2017 and 2018 have largely been investment years where we’re building the foundation for the future by improving the sport and the track and for the teams in the sport reengaging fans at both live events and on traditional and digital platforms, building an organization that can tell our story and deliver the right opportunities to commercial partners across the board and to develop the geographic and brand extensions for Formula One.

We believe we’re on track to do so. And I’ll turn the call back to Greg..

Greg Maffei

With that, let me thank Chase and Mark and remind you all that we’ve -- again some of you may already know we’re holding our Annual Investor Meeting on November 14th in New York. As we get closer to that day, please refer to our website for additional information. As always, we appreciate your continued interest in Liberty Media.

And with that, operator, I’d like to open the line for calls..

Operator

Thank you. [Operator Instructions]. And we’ll go first to Jeff Wlodarczak with Pivotal Research Group..

Jeff Wlodarczak

I had two on F1. On your second quarter F1 results your relatively high fee Russian race last year was in April and this year was pushed in the September. So you effectively replaced that race for comp purposes in the second quarter with the French race, which I assume is a far lower fee.

How much of your 2Q revenue meet their results, was simply that specific sort of timing comp issue? And I assume that’s going to reverse in the third quarter and then I had a follow-up..

Greg Maffei

Yes, I guess -- and we don’t get at the specific race fees but in general flyway races are higher than European races and I’d say the biggest variant in the quarter is the race calendar.

I guess the other factor in the quarter is because we amortized across last year about eight races in both years through June and the last year date of 20 and this year’s date of 21. So I think calendar factor is the primary issue..

Jeff Wlodarczak

And then Chase, if you could talk about your level of optimism about getting a new Concorde Agreement at least as it relates to getting a deal for the engine in place relatively soon?.

Chase Carey

Actually I feel good about the discussions, I mean that will go in the details and we had details to work through but I think there people agree with the goals, people agree with the direction and I think that the overall points of what we’re trying to achieve in addition to the sport.

So we just need to -- I think we -- I know we did jobs, but we need to find the right compromises as you get into the details, not always going to get everything they want but I think everybody recognizes that.

So I -- you’re not done till you’re done but I feel good about the discussions and good about where we’re going and good about the engagement with the teams..

Greg Maffei

If I can add something on I think Chase and the team, Sean and Ross have a done a great job of turning the dynamic at Formula One which was usually fairly short-term and often fairly worth enough for me in the short-term into a more general recognition to build the health of the sport to the benefit of all and I think that is going to play through on the Concorde Agreement where the spirit of compromise is likely to occur and be to the benefit of all in the sport and first of all and foremost of fans, so..

Operator

We’ll go next to Vijay Jayant with Evercore ISI..

James Ratcliffe

Hi it’s James Ratcliffe for Vijay. Two if I could one on Liberty Sirius and one on Formula One.

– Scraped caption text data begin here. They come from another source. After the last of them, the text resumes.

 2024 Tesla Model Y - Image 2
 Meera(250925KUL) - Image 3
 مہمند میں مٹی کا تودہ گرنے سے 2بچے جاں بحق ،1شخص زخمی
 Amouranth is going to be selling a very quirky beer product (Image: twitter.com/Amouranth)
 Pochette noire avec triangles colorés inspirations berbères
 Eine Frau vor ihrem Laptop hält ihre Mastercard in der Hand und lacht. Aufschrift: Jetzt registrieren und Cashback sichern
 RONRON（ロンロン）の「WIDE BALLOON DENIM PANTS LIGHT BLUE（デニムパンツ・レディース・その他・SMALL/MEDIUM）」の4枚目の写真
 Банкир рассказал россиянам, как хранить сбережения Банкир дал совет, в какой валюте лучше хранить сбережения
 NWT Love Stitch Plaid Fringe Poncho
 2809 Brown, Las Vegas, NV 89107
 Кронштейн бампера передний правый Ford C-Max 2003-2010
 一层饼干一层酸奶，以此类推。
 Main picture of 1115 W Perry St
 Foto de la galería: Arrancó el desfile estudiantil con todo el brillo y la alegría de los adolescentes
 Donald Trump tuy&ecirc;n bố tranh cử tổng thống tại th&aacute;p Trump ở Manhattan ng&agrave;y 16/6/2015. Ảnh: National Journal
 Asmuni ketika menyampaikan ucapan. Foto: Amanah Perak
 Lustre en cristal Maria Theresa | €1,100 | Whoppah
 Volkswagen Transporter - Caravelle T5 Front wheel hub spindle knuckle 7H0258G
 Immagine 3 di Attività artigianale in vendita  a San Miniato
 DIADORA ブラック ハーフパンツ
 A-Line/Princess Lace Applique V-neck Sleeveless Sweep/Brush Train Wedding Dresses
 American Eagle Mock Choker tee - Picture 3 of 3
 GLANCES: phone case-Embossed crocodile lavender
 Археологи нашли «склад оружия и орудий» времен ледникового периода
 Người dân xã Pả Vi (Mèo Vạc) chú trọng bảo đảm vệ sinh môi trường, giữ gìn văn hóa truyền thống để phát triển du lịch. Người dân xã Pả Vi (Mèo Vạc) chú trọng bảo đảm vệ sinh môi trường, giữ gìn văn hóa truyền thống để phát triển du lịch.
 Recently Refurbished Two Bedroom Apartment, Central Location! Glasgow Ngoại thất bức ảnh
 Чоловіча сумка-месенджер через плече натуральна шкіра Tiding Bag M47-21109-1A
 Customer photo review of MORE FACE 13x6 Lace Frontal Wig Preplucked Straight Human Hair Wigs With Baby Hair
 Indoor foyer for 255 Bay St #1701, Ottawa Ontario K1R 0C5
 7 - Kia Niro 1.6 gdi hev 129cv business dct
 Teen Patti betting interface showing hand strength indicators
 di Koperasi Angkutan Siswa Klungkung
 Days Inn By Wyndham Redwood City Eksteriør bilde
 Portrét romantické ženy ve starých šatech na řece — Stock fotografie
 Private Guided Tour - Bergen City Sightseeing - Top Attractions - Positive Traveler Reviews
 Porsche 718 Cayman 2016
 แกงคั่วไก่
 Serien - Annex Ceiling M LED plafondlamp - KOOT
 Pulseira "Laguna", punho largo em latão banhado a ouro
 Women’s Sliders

On Liberty Sirius, what’s the thinking around the future of that iHeart debt position given that seems like the deal is not stable at this point and how does it effect liquidity for potential buybacks going forward? And secondly on F1, Chase, if you can just give us any more color about the OTT launch, what you learned, what's gone well, what hasn’t, good response or any color on sub trends that would be helpful? Thank you..

Greg Maffei

So, on iHeart first, we remain watchful, I think they're going through their process and while results there have been so much disappointing, we do see potential for interesting partnerships or more.

And we certainly recognize that we have a interesting position which I don't expect to grow right now and it’s self-sustaining, we're actually in the money against our cost and I don't think it will impact our ability to repurchase shares.

We previously announced as you know and did that exchangeable against the series stock to raise capital and we're still spending that $400 million authorized. So, I think it's a standalone, self-sustained element.

It has a strategic potential, but it's one that we're going to be judicious about own and execute it, we can come up with a right transaction..

Chase Carey

And I guess on the OTT, I think our focus really -- I’m not sure we've learned I mean what’s going right and wrong, probably not unexpectedly.

We've had some of the issues a lot of people do in building the tech stack to support it, and that whether that led to the product not launching initially where we targeted and some bugs we have to work out of it.

I think probably we certainly expected and recognized, that's a part of the reality and this year is much more about getting the product to where we want to, both from a content and tech.

Now the content will be -- now -- I mean the content is probably an 18 month build so we'll add content features this off-season and probably add content features next off-season. But I think it's really at this point about getting the platform right from a technology and content perspective and then really commercially launching it.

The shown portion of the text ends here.